Chez Jamie Woon, la musique s’inscrit dans une continuité familiale. Elle traverse les générations, les voix et les rituels, et s’impose moins comme un choix que comme une langue partagée. « Du côté de ma mère, il y avait clairement pas mal de musiciens. J’ai donc grandi dans ce milieu. Maman (Mae McKenna) avait rejoint des groupes, comme ce groupe Contraband chez Transatlantic. Ils faisaient du folk rock, ils sont venus à Londres et se sont installés à Hendon, où vivaient tous les Écossais à l’époque, parce que c’était l’endroit le plus proche de l’autoroute pour rentrer en Écosse », dit-il simplement, comme s’il cherchait encore à en minimiser l’évidence. Pourtant, tout commence là.

Les générations se succèdent sur scène : grands-parents chanteurs pendant la guerre, oncle musicien dans les années 1970, et cette tradition de rassemblements où chacun chante à tour de rôle. La musique est un rituel, une langue commune. « Dans cette famille, la musique occupait une place très importante. Ils faisaient un grand ‘Hogmanay’, le réveillon du Nouvel An est un événement majeur. Toute la famille se réunissait, tout le monde chantait une chanson, tu vois, et mon oncle Hugh était le meilleur pour jouer toutes ces chansons. »

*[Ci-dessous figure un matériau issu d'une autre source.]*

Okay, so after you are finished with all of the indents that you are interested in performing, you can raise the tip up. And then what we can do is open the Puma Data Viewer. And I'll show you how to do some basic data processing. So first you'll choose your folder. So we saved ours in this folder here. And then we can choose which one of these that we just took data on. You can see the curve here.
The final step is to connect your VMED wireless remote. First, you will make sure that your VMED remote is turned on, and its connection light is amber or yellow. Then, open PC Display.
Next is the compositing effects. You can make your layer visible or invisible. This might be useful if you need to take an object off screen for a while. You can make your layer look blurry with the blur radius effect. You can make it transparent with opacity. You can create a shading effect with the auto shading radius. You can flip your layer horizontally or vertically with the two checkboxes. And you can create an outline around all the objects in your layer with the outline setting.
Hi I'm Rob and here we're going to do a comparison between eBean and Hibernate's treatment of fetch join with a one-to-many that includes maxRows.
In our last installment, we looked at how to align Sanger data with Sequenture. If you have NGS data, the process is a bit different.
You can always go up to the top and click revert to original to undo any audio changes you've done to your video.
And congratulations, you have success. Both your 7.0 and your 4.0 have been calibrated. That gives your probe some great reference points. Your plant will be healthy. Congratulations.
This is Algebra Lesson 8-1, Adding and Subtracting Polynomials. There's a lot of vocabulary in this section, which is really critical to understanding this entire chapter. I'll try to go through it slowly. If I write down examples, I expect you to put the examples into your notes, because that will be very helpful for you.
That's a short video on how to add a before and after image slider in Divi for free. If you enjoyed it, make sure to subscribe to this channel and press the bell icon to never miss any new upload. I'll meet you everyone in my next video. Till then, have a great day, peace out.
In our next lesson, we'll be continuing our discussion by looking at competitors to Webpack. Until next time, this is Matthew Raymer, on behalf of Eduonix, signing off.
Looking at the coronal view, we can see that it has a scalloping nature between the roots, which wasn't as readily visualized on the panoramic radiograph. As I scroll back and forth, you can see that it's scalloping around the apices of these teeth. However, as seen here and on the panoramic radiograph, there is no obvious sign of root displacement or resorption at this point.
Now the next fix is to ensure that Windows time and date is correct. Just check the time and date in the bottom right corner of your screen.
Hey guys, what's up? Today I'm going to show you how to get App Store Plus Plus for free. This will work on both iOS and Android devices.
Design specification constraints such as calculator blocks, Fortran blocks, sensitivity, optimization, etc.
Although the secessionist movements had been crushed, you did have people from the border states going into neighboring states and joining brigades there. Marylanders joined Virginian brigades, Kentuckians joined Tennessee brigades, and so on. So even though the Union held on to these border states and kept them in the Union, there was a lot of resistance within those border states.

Pianiste, il incarnait une forme de liberté musicale totale. « Il venait chez nous et jouait du piano pendant trois ou quatre heures d’affilée… c’était comme si la musique coulait de lui. » Cette présence magnétique, marque durablement l’imaginaire de Jamie Woon.

Malgré cet héritage, il ne raconte jamais la musique comme une trajectoire programmée ou une ambition consciente. Elle apparaît plutôt comme un environnement naturel, une évidence dans laquelle il a grandi. Très tôt, il écoute et absorbe. L’influence de cette famille de musiciens, façonne son rapport au son bien avant toute notion de carrière. Une empreinte fondatrice, dont les résonances traverseront son travail bien au-delà de l’enfance.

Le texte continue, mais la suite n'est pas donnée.